*ACTION ITEM:* Exactly the lines below from the one with "Yezwe modest maxi" up to and including the one with "A curated set" make up the answer, with nothing else added.
=== DATA FOR THIS EXERCISE ===
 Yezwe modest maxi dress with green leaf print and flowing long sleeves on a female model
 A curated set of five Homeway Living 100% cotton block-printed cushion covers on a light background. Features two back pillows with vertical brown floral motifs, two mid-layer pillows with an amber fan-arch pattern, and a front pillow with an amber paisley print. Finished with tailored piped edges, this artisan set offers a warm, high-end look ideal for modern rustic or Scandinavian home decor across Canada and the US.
===
=== DATA FOR THIS EXERCISE ===
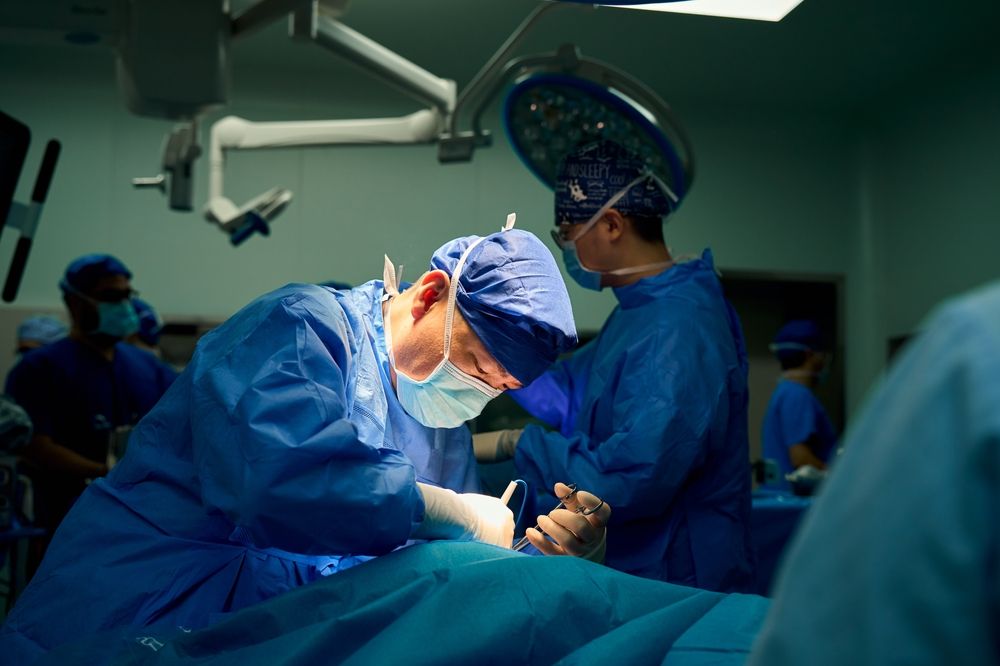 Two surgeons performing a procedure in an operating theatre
===
*YOUR RESPONSE:*
 Yezwe modest maxi dress with green leaf print and flowing long sleeves on a female model
 A curated set of five Homeway Living 100% cotton block-printed cushion covers on a light background. Features two back pillows with vertical brown floral motifs, two mid-layer pillows with an amber fan-arch pattern, and a front pillow with an amber paisley print. Finished with tailored piped edges, this artisan set offers a warm, high-end look ideal for modern rustic or Scandinavian home decor across Canada and the US.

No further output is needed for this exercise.